SNP detection and validation
Using the QualitySNP program, we identified 33,433 high quality SNPs and 6,820 indels within 14,613 CAP3-assembled contigs (Fig ). These predicted SNPs included 22,312 transitions and 10,823 transversions. The overall frequency of all SNP types in the transcriptome, including indels, was 1 per 207 bp. These predictions provide an extensive set of genetic markers for reef-building corals that will enable future studies of genetic connectivity and genetic mapping at a previously unprecedented level of detail.
Classification of single nucleotide polymorphisms (SNPs) identified from 454 sequences. Overall frequency of these SNP types in the larval transcriptome is one per 207 bp.

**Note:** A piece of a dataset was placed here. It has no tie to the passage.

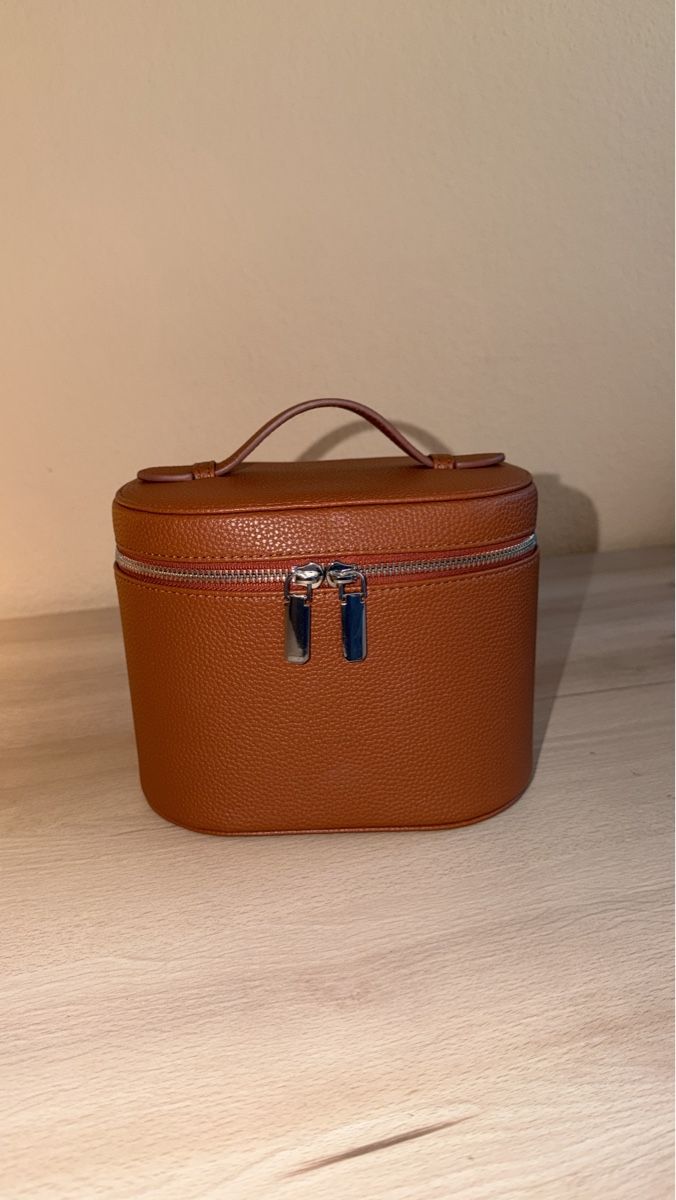 Trousses de maquillage: BROWN LEATHER VANITY CASE – D'occasion à Puplinge par yav_9r9f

Twenty of these predicted SNPs (corresponding to 18 different genes) were selected for validation using PCR and Sanger sequencing, and 14 of these tests (70%) were successful (additional file 3
). Because the genes selected for validation include several previously described stress responses genes [14
], the SNPs confirmed in these analyses may be valuable for investigating the genetic determinants of stress-gene expression. Overall, the successful experimental validation of the majority of computationally predicted SNPs confirms the utility of mining 454 transcriptome sequences for genetic markers.